RECORDS SUPPLIED:
=== Section Start ===
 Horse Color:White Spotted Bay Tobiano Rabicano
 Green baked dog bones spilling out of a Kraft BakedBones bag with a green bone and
=== Section End ===
=== Section Start ===
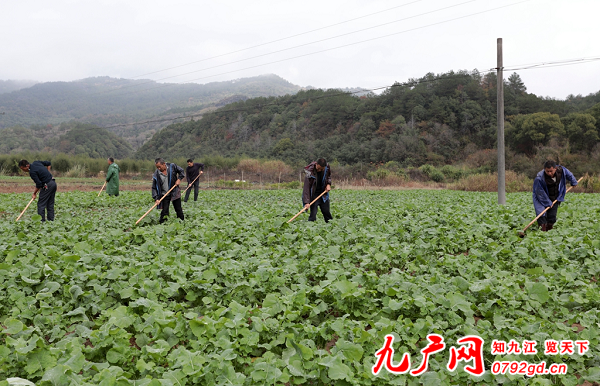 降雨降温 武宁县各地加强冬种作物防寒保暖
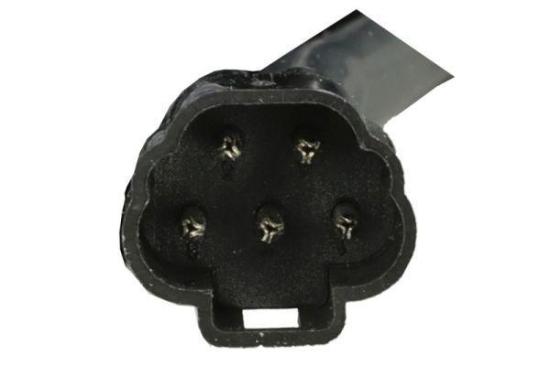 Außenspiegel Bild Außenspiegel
=== Section End ===
TASK OBJECTIVE:
From the records above, copy only the lines starting with the line that holds "Horse Color:White Spotted" and going on through the line that holds "Green baked dog", exactly as written.

ANSWER BELOW:
 Horse Color:White Spotted Bay Tobiano Rabicano
 Green baked dog bones spilling out of a Kraft BakedBones bag with a green bone and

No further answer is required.